What does it mean for a phase to be unstable due to quantum fluctuations? Generally in the literature on quantum critical phenomena (as opposed to ordinary critical phenomena in statistical mechanics), there is the idea that quantum fluctuations can prevent ordering of a phase. My very basic question is: formally speaking, what does it mean for a phase to be unstable (or melted) due to quantum fluctuations? I want to emphasize that I am looking for a formal definition that isn't tied to a specific model Hamiltonian.
I have seen this idea discussed in the case of the Heisenberg antiferromagnet in 1D, where the classical antiferromagnet state (all spins alternating spin up and down) is unstable towards the creation of domains. One way I hear people describe this is that the "quantum spin fluctuations melte the classical antiferromagnet phase", but that seems odd to me, because I can't really put my finger on how this idea generalizes. Is it the fact that spin is a non-commuting operator that is important here? Otherwise what makes this destruction by "quantum fluctuations" as opposed to a phase destroyed by classical fluctuations? After all, you could say similar things about classical spins not ordering in the 1D Ising model due to spin fluctuations, right?
For example, one may look at the following links where the author(s) all use language suggesting that "quantum fluctuations" prevent ordering of a system in various ways:
Example 1: Antiferromagnetism
Example 2: Quantum Paraelectricity
Example 3: Quantum Pendulum
 A: I will give a partial answer. Assume we have a system with Lagrangian density of
$\mathcal{L}(\phi,\partial_\mu\phi)$
EOM is (this is just Euler-Lagrange equations, there is no quantum mechanics so far)
$$\frac{\delta}{\delta\phi}\mathcal{L}\bigg|_{\phi=\phi_{cl}}=0$$
Where $\phi_{cl}$ is classical solution. Now assume you want to calculate VEV of $\phi$
$$\langle\phi\rangle=Z^{-1}\int\mathcal{D}\phi \phi\exp\bigg(i\int d^dx\mathcal{L}(\phi,\partial_\mu\phi)\bigg)$$
now we want to see the influence of quantum fluctuations to classical solution. We can make the integral substitution
$$\phi\to\bar{\phi}+\phi_{cl}$$
so we have
$$\langle\phi\rangle=Z^{-1}\int\mathcal{D}\bar{\phi} (\phi_{cl}+\bar{\phi})\exp\bigg(i\int d^dx\mathcal{L}(\phi_{cl}+\bar{\phi},\partial_\mu(\phi_{cl}+\bar{\phi}))\bigg)$$
now we can write this as
$$\langle\phi\rangle=\phi_{cl}+ Z^{-1}\int\mathcal{D}\bar{\phi} (\bar{\phi})\exp\bigg(i\int d^dx\mathcal{L}(\phi_{cl}+\bar{\phi},\partial_\mu(\phi_{cl}+\bar{\phi}))\bigg)$$
Ok now the first term is just the solution of the classical equation of motion so it is the classical solution, the second term is a functional average of all possible field configurations so it is a quantum mechanical object which includes the quantum fluctuations.
In other words the first term is the classical solution, and the second is quantum fluctuations.
So this is the general principle behind how quantum fluctuations change the classical solutions. You can play the same game while calculating any kind of average.
And in general including quantum fluctuations on top of classical solution just as I did, may break order. For example in $1+1$ dimensional $XY$ model, quantum fluctuations destroy long range order and reduce it to algebraic order. You can find this calculation on page 93 of Wen's QFT book. He exactly does what I did here, by first writing full theory and expanding it around the classical solution he shows that even if first terms have long range order by adding higher terms this reduces to algebraic order!
A: Yes (in addition to the other answers), the point is that if multiple terms in the Hamiltonian don't commute with one another, the ground state of the total Hamiltonian is no longer the same as the ground state of each individual term; and therefore can no longer qualify as a 'phase' in the traditional sense.
To speak of a 'phase', you (generally) want a many-body state that

*

*Is robust to small decoherence, i.e. you can look at a macroscopic 'order parameter' that makes classical sense.
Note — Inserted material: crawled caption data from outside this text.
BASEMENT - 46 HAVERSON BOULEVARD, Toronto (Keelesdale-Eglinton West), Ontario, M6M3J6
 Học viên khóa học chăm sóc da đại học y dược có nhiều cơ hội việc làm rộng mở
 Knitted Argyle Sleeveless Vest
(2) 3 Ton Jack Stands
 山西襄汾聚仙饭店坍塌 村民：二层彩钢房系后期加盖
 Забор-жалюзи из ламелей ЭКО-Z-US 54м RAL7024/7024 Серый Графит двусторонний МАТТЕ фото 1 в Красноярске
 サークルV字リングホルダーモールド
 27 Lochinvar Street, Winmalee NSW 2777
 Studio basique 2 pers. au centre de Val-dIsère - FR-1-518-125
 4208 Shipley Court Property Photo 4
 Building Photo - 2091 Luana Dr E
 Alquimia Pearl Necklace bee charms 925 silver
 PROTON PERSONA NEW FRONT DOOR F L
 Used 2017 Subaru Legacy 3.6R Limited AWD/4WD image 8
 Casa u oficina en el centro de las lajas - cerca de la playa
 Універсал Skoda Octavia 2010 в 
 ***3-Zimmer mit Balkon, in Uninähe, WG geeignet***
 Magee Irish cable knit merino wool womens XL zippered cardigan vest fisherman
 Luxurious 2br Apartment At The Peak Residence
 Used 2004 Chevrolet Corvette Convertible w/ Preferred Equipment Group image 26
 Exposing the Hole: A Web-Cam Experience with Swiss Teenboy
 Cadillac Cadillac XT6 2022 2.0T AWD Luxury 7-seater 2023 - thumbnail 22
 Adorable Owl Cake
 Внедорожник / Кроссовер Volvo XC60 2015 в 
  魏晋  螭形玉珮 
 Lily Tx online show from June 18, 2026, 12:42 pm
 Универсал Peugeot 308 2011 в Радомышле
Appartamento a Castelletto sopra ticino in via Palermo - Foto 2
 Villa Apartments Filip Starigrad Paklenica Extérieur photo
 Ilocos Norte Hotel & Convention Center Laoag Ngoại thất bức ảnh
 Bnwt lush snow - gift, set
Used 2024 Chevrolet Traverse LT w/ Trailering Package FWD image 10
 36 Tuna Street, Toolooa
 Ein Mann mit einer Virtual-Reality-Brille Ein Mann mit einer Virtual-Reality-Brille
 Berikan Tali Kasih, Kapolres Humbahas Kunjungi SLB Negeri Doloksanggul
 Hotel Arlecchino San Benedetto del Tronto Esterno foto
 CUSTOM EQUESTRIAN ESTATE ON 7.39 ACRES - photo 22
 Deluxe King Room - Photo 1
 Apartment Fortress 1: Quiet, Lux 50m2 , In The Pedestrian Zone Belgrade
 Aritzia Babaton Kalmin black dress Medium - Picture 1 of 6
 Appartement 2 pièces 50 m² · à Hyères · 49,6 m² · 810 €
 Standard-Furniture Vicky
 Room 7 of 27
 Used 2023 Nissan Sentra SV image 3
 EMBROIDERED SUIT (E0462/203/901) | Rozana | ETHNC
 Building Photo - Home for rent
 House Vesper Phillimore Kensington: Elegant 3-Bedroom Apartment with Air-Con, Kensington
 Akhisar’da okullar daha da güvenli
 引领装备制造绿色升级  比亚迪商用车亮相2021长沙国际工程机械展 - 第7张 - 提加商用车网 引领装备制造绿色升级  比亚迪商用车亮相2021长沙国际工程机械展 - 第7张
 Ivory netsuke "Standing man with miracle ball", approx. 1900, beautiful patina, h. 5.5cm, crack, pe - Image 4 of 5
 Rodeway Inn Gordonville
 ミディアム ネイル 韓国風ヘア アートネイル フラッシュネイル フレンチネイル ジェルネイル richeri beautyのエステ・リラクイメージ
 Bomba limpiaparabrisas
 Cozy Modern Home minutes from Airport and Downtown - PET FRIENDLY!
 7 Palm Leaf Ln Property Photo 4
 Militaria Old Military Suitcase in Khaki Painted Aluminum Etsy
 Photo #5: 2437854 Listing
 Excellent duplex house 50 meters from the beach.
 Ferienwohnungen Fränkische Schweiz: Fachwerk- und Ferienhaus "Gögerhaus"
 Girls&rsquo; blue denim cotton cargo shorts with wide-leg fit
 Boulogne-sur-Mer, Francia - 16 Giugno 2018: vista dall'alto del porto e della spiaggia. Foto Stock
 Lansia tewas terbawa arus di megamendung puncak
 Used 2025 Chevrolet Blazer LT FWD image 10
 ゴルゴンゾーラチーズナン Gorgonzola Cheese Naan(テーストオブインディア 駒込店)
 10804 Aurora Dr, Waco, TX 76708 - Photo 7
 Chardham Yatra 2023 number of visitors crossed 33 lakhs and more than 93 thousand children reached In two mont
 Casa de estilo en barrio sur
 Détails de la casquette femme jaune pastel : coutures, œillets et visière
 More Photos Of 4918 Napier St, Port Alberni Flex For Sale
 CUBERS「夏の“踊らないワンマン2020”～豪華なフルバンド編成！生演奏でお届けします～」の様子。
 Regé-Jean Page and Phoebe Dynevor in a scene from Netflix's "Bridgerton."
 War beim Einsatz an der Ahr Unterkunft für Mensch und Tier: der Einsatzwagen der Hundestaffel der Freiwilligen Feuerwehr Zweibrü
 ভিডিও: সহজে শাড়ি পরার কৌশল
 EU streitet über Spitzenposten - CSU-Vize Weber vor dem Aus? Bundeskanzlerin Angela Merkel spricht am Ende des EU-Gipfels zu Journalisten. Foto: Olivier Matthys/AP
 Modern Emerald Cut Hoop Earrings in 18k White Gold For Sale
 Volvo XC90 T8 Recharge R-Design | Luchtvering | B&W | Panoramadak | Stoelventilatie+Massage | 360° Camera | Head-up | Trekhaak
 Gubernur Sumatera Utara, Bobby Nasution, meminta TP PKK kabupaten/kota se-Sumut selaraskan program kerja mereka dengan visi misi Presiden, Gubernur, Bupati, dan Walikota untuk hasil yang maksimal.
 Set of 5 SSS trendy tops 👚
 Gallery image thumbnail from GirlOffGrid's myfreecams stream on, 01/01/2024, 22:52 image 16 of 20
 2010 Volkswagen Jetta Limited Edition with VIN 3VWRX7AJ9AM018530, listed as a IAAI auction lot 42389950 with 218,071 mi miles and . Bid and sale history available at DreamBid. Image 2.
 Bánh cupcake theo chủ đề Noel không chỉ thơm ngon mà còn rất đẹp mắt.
*Does not manifestly change in time

The clearest example is perhaps crystallization of atoms. The Hamiltonian consists of a Lennart-Jones-like potential $\sum_{ij}V(\hat{r}_i-\hat{r}_j)$ , and a kinetic part $\sum_i \frac{\hat{p}^2}{2m}$. If this were a classical system, we could just treat $r_i$ and $p_i$ as classical numbers and minimize these terms separately. The first one results in the formation of a periodic lattice, the second one confirms that they all stand still, and there you have the ground state.
However, you cannot do this, because $\hat{r_i}$ and $\hat{p}_i$ are in fact conjugate operators, and according to quantum mechanics, they don't share a ground state. Now of course, the total Hamiltonian will still have a ground state, but it is not so clearly interpretable. The result is that atoms 'keep wiggling' according to QM, even at zero temperature (where everything is in the ground state). For some elements, such as Helium, these 'fluctuations' even prevent the proper formation of a solid phase in a natural setting.
A more general way to phrase this is that the quantum harmonic oscillator, unlike the classical one, must have an energy of at least 1/2. The question is then for each system, is this zero-point energy small enough to maintain macroscopic order?
For another perspective, the introductionary chapter of Quantum Noise may be relevant.
Note: as LorenzMayer has reminded me in the comments, also in a classical system can it be that the ground state doesn't minimize all Hamiltonian terms separately (frustrated systems). However, the point here is rather that for a given system, quantumness makes things worse than for the classical limit and as such can let systems reach a tipping point where order is destroyed.
A: The mandatory reference for such issues is Sachdev's Quantum Phase Transitions. There, consulting the 2nd edition, page 7, we read:
"We note that phase transitions in classical models are driven only by thermal fluctuations,
as classical systems usually freeze into a fluctuationless ground state at T = 0. In contrast,
quantum systems have fluctuations driven by the Heisenberg uncertainty principle even in
the ground state, and these can drive interesting phase transitions at T = 0."
Fluctuations are important in critical systems. One of the fundamental aspects of criticality is the null gap, that is, the first excited energy (or energies, as is most common) is accessible by a vanishingly small ammount of energy that usually scales as 1/L, where L is a characteristic length or area or volume, you get it.
At page 8 he gives a really nice example:
"The low-lying magnetic excitations of the insulator LiHoF4 consist of fluctuations of the Ho ions between two spin states that are aligned parallel and antiparallel to a particular crystalline axis. These states can be represented by a two-state “Ising” spin variable on each Ho ion. At T = 0, the magnetic dipolar interactions between the Ho ions cause all the Ising spins to align in the same orientation, and so the ground state is a ferromagnet.Bitko, Rosenbaum, and Aeppli [49] placed this material in a magnetic field transverse to the magnetic axis. Such a field induces quantum tunneling between the two states of each Ho ion, and a sufficiently strong tunneling rate can eventually destroy the long-range magnetic order. Such a quantum phase transition was indeed observed"
The reference is Phys. Rev. Lett. 77, 940.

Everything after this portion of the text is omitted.